-- Record set follows --

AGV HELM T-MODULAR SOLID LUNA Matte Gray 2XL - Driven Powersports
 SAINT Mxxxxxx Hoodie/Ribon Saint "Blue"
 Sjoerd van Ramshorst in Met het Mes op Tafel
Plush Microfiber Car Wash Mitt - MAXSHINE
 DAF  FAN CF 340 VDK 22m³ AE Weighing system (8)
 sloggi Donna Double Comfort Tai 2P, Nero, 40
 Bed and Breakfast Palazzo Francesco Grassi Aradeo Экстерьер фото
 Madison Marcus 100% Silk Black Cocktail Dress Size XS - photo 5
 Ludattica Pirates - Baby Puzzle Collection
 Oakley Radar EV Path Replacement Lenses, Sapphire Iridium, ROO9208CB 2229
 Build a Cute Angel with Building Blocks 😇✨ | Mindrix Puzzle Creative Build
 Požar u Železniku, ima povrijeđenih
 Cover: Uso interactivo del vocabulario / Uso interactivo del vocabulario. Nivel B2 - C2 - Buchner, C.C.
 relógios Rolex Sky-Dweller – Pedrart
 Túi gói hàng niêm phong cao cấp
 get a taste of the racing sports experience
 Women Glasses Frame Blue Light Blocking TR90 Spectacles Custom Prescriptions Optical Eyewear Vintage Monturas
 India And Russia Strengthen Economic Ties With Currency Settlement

-- Record set concluded --

Only the lines from the first line of the records through the line with "Ludattica Pirates - Baby Puzzle Collection" should be reproduced, exactly and with nothing added.

#### Response:
AGV HELM T-MODULAR SOLID LUNA Matte Gray 2XL - Driven Powersports
 SAINT Mxxxxxx Hoodie/Ribon Saint "Blue"
 Sjoerd van Ramshorst in Met het Mes op Tafel
Plush Microfiber Car Wash Mitt - MAXSHINE
 DAF  FAN CF 340 VDK 22m³ AE Weighing system (8)
 sloggi Donna Double Comfort Tai 2P, Nero, 40
 Bed and Breakfast Palazzo Francesco Grassi Aradeo Экстерьер фото
 Madison Marcus 100% Silk Black Cocktail Dress Size XS - photo 5
 Ludattica Pirates - Baby Puzzle Collection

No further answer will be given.